Karesto commented 5 months ago

i assume this happens right at the beginning. It says here : torch.cuda.OutOfMemoryError: CUDA out of memory. Tried to allocate 2.00 MiB (GPU 7; 79.15 GiB total capacity; 2.32 GiB already allocated; 3.19 MiB free; 2.37 GiB reserved in total by PyTorch that only 2.37 can b allocated by torch, so is there anything else running on your GPU ?

SandyPanda-MLDL commented 5 months ago

i assume this happens right at the beginning. It says here : torch.cuda.OutOfMemoryError: CUDA out of memory. Tried to allocate 2.00 MiB (GPU 7; 79.15 GiB total capacity; 2.32 GiB already allocated; 3.19 MiB free; 2.37 GiB reserved in total by PyTorch that only 2.37 can b allocated by torch, so is there anything else running on your GPU ?

Actually I am running my code in our Lab server, there are a 8 GPUs out of which 4-5 GPUs are already in used for other's code execution. I am running my code in specific GPU id (7), which is not used by anyone else as of now.

SandyPanda-MLDL commented 5 months ago

i assume this happens right at the beginning. It says here : torch.cuda.OutOfMemoryError: CUDA out of memory. Tried to allocate 2.00 MiB (GPU 7; 79.15 GiB total capacity; 2.32 GiB already allocated; 3.19 MiB free; 2.37 GiB reserved in total by PyTorch that only 2.37 can b allocated by torch, so is there anything else running on your GPU ?

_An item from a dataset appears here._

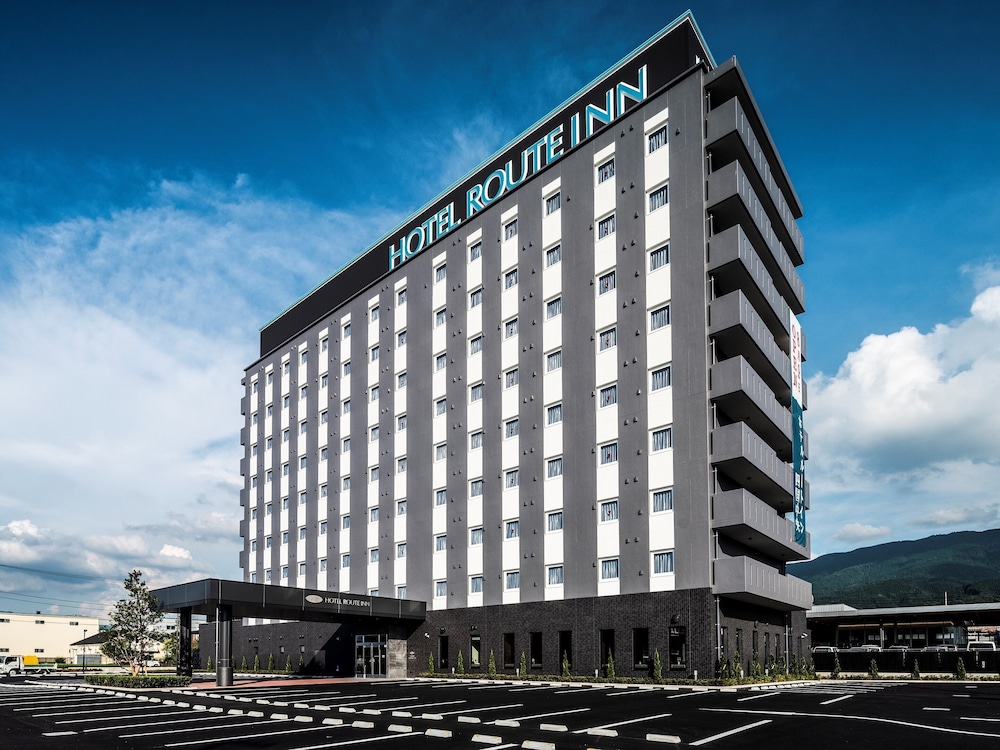 Hotel Route Inn Shikoku Chuo Mishimakawanoe Inter — hotel in Shikokuchuo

output of nvidia-smi command for GPU id 7 which I am using :

7 NVIDIA L40S Off | 00000000:24:00.0 Off | 0 | | N/A 36C P8 23W / 350W | 3MiB / 46068MiB | 0% Default | | | | N/A |

Karesto commented 5 months ago

It seems that there is some issue somewhere but i can't really put my finger on it. GPU 7 seems to be a 48 GB Card, yet torch says it's an 80 ? What command are you using to run the code ? There are issues sometimes in the code where it's .to("cuda") instead of .to("device") maybe that would help solve it ?

SandyPanda-MLDL commented 5 months ago

i assume this happens right at the beginning. It says here : torch.cuda.OutOfMemoryError: CUDA out of memory. Tried to allocate 2.00 MiB (GPU 7; 79.15 GiB total capacity; 2.32 GiB already allocated; 3.19 MiB free; 2.37 GiB reserved in total by PyTorch that only 2.37 can b allocated by torch, so is there anything else running on your GPU ?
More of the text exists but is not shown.